During the last years of his life, Dimitry received the commemorative medal the bronze Southern Cross of Honor. The Southern Cross of Honor could only be bestowed through the United Daughters of the Confederacy. It could not be purchased; it was given in recognition of loyal, honorable service to the South and only a Confederate veteran could wear it.

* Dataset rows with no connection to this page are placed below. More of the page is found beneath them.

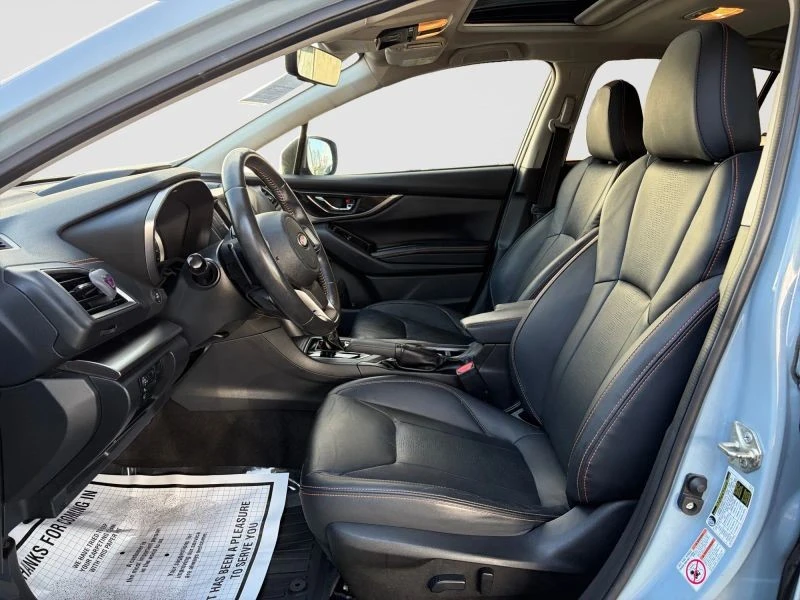2019 Subaru Crosstrek 2nd Gen - Image 10 of 12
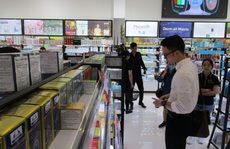 Đại gia bất động sản mở chuỗi mỹ phẩm lớn nhất Việt Nam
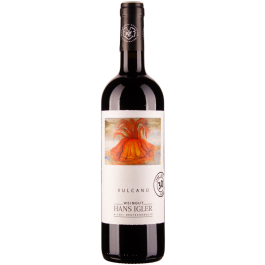 Rarität Vulcano 2015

On September 2, 1901, John Bull Smith Dimitry died at his home, 1635 Clio Street in New Orleans. He was “laid away by his devoted comrades in the tomb of the Association of the Army of Tennessee’ in New Orleans. The statue atop the tomb is General Albert Sidney Johnston, who was once interred here. The Tomb consist of 48 vaults, the most famous resident being General P.G.T. Beauregard. At the time of John Bull’s death a long obituary (with a photograph) on his life appeared in ‘The Lost Cause’ (the long-time publication of the Daughters of the Confederacy) describing the events immediately after his death: ‘the tomb of the ‘Association Army of Tennessee’ contains a few vaults, with copper doors, designated as the finally resting place of distinguished members. Only two had been used up to this time, one for Gen. Beauregard and the other for ‘Charlie Dreux.’ At a meeting of the camp on the evening of October 8th a resolution was offered that John Dimitry be placed in one of the vaults set aside for distinguished members and that his name be engraved on the door. When the motion had been read three members arose at one time to second it. The motion was unanimously adopted by a rising vote. A great compliment to the memory of John Dimitry (Volume 10 pages 68-69).”
Those wishing to study his life further may consult The John Bull Smith Dimitry Papers, 1848-1922, held by Duke University in Durham, NC.
Many of Dimitry’s descendants, long proud of their Greek heritage, still attend Holy Trinity Greek Orthodox church in New Orleans.
As Hellenes, should we not learn something of their lives?